2. Na fundamentação do acórdão afirma-se o seguinte:

"1 – Se a sentença proferida está inquinada de nulidade, por constituir decisão surpresa, violando o disposto no artigo 3º do Código de Processo Civil

Sustenta a Recorrente, sob as conclusões Z e AA do recurso, que ao arredar do conhecimento determinados meios de prova já produzidos, por suposta “nulidade” dos mesmos, sem prévia audição das partes a esse respeito, o Tribunal a quo proferiu verdadeira decisão surpresa, inquinada de nulidade, violando assim o artigo 3º, do Código de Processo Civil.

Em concreto, está em causa a violação do nº3, do citado preceito, nos termos do qual “O juiz deve observar e fazer cumprir, ao longo de todo o processo, o princípio do contraditório, não lhe sendo lícito, salvo caso de manifesta desnecessidade, decidir questões de direito ou de facto, mesmo que de conhecimento oficioso, sem que as partes tenham tido a possibilidade de sobre elas se pronunciarem”.

O citado artigo 3º, nº 3, do Código de Processo Civil, consagra expressamente o princípio do contraditório na vertente da proibição da decisão surpresa, isto é, nas palavras de José Lebre de Freitas e Isabel Alexandre [Cfr. “Código de Processo Civil Anotado”, volume I, 4.ª edição, Coimbra, Almedina, 2018, pág. 31.], “a decisão baseada em fundamento que não tenha sido previamente considerado pelas partes”. Segundo estes autores, “antes de decidir com base em questão (de direito material ou de direito processual) de conhecimento oficioso que as partes não tenham considerado, o juiz deve convidá-las a sobre ela se pronunciarem, seja qual for a fase do processo em que tal ocorra (despacho-saneador, sentença, instância de recurso)” (ob. cit., pág. 32). [...]
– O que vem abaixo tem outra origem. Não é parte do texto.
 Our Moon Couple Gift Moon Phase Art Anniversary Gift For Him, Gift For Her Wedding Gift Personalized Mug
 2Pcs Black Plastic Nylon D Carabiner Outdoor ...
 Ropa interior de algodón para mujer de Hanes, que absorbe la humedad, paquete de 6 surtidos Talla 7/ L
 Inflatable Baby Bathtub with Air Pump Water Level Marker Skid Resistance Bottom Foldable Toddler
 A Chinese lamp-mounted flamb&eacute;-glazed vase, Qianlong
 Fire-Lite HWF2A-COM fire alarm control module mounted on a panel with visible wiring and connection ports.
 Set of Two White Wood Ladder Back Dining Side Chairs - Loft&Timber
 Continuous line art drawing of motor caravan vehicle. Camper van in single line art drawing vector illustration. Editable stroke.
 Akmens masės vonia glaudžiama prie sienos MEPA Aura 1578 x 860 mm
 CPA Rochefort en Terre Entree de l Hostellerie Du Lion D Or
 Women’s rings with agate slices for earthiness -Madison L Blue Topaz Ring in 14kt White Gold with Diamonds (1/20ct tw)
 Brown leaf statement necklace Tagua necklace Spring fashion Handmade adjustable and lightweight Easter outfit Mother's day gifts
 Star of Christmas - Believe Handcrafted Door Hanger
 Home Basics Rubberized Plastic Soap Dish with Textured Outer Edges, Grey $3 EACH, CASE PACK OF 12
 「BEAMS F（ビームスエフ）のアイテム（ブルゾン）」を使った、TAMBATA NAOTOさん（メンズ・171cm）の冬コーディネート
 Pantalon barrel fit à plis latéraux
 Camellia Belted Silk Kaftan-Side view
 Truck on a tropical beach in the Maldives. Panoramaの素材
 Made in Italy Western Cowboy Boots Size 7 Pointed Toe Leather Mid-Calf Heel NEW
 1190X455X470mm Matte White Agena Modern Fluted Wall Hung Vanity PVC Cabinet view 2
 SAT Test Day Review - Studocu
Pretende-se, por esta via, evitar a formação de “decisões surpresa”, ou seja, decisões sobre questões de direito material ou de direito processual, de que o Tribunal pode conhecer oficiosamente, sem que tenham sido previamente consideradas pelas partes.

Por isso se entende que é ainda uma decorrência do princípio do contraditório a proibição de decisões surpresa, com as quais nos deparamos sempre que a solução dada pelo Tribunal a uma questão comporte uma solução jurídica que as partes não tinham obrigação de prever que fosse proferida. [...]

O exercício do contraditório dependerá sempre da verificação de uma nova abordagem jurídica da questão, decisiva para a sorte do pleito, porque relativa a factos ou questões de direito suscetíveis de virem a integrar a base da decisão, que não fosse perspetivada pelas partes, mesmo usando da diligência devida.

Com este princípio pretendeu o legislador, como já acima salientamos, impedir que as partes fossem surpreendidas com soluções de direito inesperadas, seja através do conhecimento do mérito da causa, seja no plano meramente processual.

Este entendimento amplo do princípio do contraditório, afirmado pelo nº3, do artigo 3º, do Código de Processo Civil, não afasta os poderes de subsunção ou de qualificação jurídica que o artigo 5º, nº3, do Código de Processo Civil confere ao juiz - tarefa em que continua a não estar sujeito às alegações das partes relativas à indagação, interpretação e aplicação das regras de direito. Trata-se, apenas, de impor ao julgador o dever de, previamente ao exercício de tais poderes, proceder à audição das partes, sempre que pretenda decidir uma determinada questão, seja relativa ao mérito da causa seja meramente adjetiva, com recurso a um fundamento jurídico diverso, até então omitido nos autos e não ponderado pelas partes, mesmo usando da diligência devida.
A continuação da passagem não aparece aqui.